Life Is (usually) Good . . .


refrigerator (Photo credit: stu_spivack)

Life Is Good – and then there are days like this when the refrigerator goes out and I’m transferring from the kitchen freezer to the garage freezer and packing ice chests as quickly as possible.  Mind you, it is not that I have one-hundred other things to do today but my original schedule did not include this chore.  My plate is full and today it is fuller. 

Which brings me to wonder: how long is cream cheese good when not refrigerated?  Two hours left in a bowl on the countertop for my cream cheese pie seems void of issues but how much longer will it last?  And, how about all the other items?  Can eggs once refrigerated be left out for a few hours and then stored in an ice-chest without issues?  I mean, we have about three dozed of the little gems.  It’s been years since I camped over the week-end and I have forgotten how long they remain good to use.  But, it is the cheeses that I am most worried about saving.  I like the cheeses.  I don’t like the eggs as much.  What can I say: I’m just a cheesy sort of gal.

We have three (count them three) ice cube trays and — yep! — this morning when checked the ice cubes were more liquidly than not so while I’m doing the transfer thing I am also doing the waiting on frozen ice cube thing.  Hurry-hurry-hurry up already!

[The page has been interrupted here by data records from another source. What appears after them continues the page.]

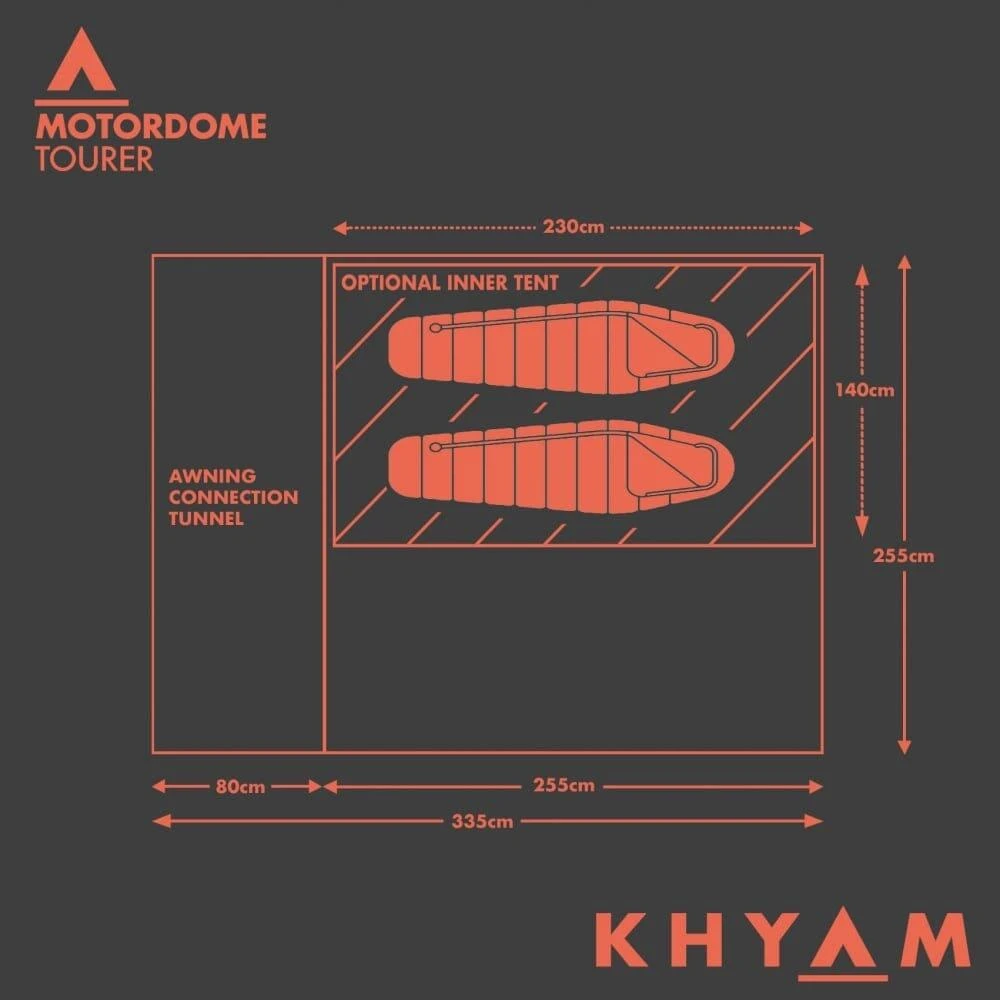 Motordome Tourer Lite Quick Erect Drive Away Awning 6 Motordome Tourer Lite Quick Erect Drive Away Awning - Image 6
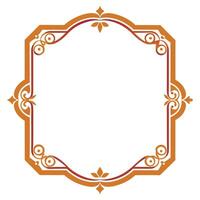 Vintage frame with lace-inspired patterns for delicate designs vector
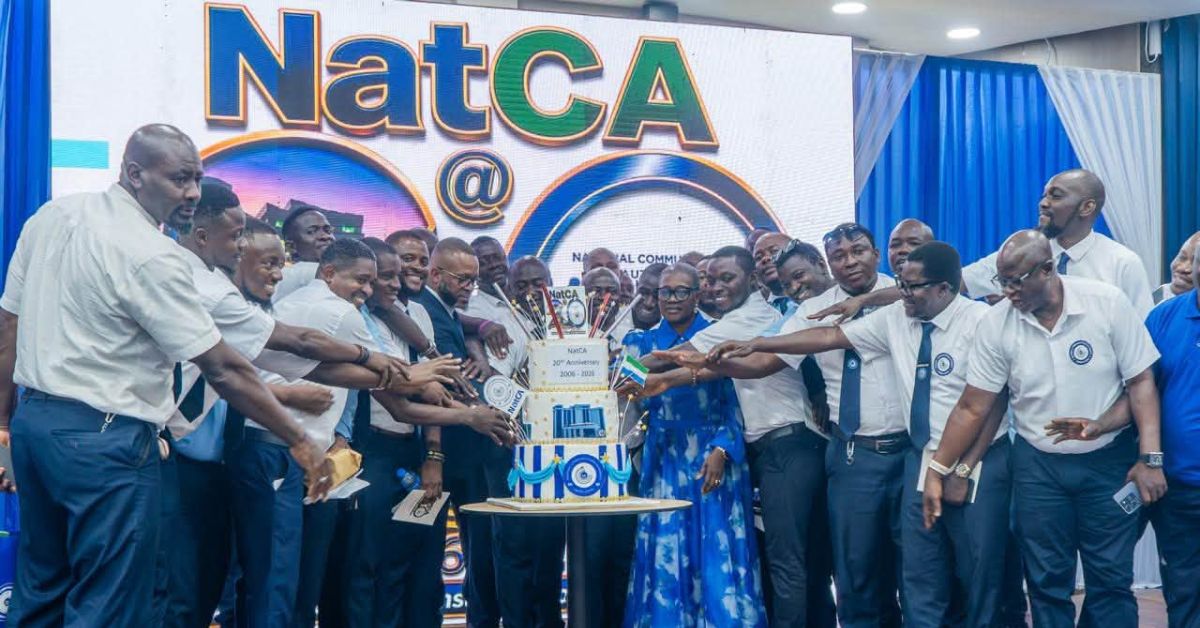 NatCA Marks 20 Years, Calls for Greater Collaboration to Drive Sierra Leone’s Digital Future
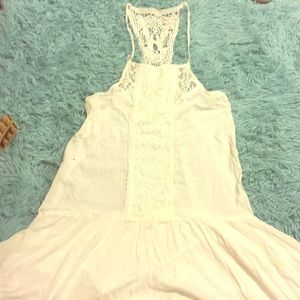 All white dress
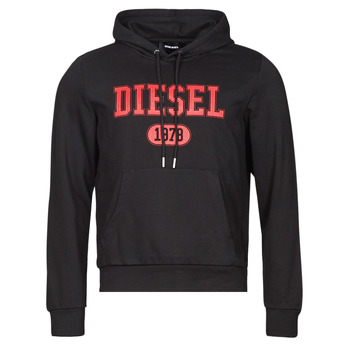 Oblačila Moški Puloverji Diesel S-GINN-HOOD-K25 Črna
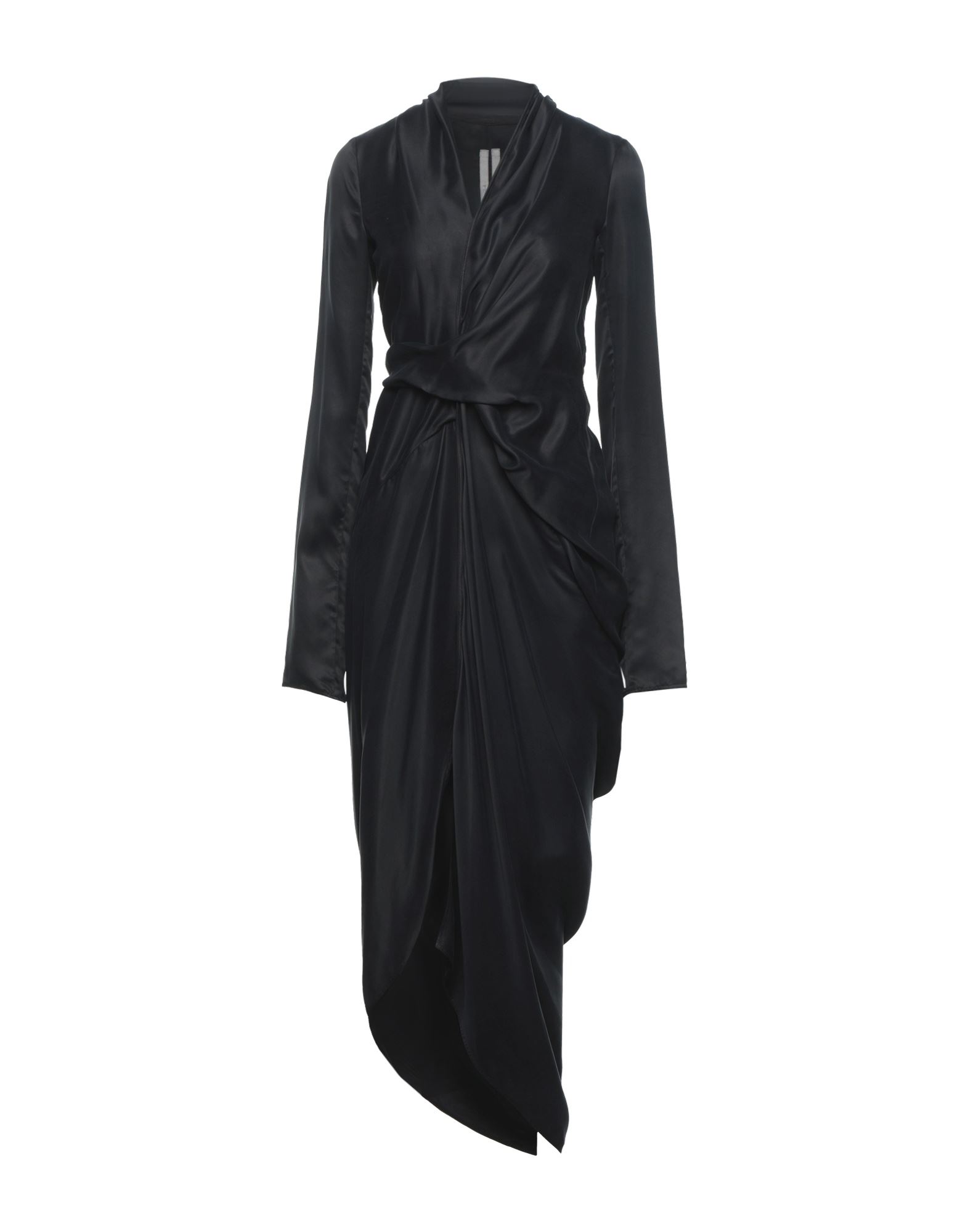 Rick Owens Midi Dresses In Black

I ended the cream cheese dilemma after a lunch of  crackers (Triscuit baked whole grain wheat with Dill, Sea Salt  Olive Oil) slathered with the cream cheese and a thin slice of cucumber on top.  Yummy.  Now, as far as The Laughing Cow Light (Creamy Swiss and Garlic & Herb) spread I find there are too many portions left to use up quickly.  This issue continues to worry me.  But, this will also be a non-issue as soon as the ice-cubes in the working (garage) freezer provides enough cubes to surround the ice-chests filled with condiments, fresh veggies, one rather large block of Cheddar, one rather small (remaining) wedge of Parmesan and three rounds of cheese spreads.  I’m just glad this is summer and the refrigerator, for the most part, is a place we keep dairy (save the occasional left-overs), condiments and little else.  If this happened in winter and I had to toss out even one slice of Prosciutto or Lasagna or one ounce of my fire-starter Chili — I would be what was in a total melt-down.